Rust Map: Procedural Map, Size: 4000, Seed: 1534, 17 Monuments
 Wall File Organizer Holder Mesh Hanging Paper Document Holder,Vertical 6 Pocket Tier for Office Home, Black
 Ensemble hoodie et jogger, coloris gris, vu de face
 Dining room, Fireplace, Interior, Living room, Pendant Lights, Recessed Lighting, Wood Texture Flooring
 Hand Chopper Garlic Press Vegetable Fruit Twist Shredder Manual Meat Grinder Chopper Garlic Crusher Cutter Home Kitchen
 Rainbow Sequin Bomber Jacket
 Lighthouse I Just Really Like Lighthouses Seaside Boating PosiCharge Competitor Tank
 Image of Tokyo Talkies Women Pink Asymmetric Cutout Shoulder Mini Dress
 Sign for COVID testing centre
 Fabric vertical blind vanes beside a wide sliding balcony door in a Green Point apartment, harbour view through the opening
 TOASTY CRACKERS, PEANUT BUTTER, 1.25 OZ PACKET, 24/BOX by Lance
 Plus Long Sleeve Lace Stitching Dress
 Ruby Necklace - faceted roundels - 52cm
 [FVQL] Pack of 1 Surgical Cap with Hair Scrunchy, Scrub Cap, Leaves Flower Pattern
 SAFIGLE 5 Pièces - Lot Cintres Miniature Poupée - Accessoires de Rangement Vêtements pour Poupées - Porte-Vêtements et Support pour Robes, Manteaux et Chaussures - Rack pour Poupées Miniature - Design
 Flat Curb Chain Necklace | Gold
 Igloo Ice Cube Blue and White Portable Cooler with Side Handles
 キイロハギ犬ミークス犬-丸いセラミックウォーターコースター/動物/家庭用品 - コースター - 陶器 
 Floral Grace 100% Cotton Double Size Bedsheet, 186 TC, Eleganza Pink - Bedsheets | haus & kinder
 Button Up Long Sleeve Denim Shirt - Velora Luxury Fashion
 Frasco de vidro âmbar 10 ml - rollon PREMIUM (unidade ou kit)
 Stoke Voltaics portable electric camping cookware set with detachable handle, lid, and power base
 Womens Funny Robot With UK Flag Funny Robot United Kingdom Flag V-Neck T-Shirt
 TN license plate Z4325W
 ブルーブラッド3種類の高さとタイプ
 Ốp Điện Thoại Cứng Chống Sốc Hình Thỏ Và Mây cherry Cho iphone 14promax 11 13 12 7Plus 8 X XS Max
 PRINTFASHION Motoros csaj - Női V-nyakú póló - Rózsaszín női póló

(Task item): Send back exactly the lines of the listing above starting at the one with "Rainbow Sequin Bomber Jacket" and ending at the one with "TOASTY CRACKERS, PEANUT", inclusive, and no others.

(Task response):
 Rainbow Sequin Bomber Jacket
 Lighthouse I Just Really Like Lighthouses Seaside Boating PosiCharge Competitor Tank
 Image of Tokyo Talkies Women Pink Asymmetric Cutout Shoulder Mini Dress
 Sign for COVID testing centre
 Fabric vertical blind vanes beside a wide sliding balcony door in a Green Point apartment, harbour view through the opening
 TOASTY CRACKERS, PEANUT BUTTER, 1.25 OZ PACKET, 24/BOX by Lance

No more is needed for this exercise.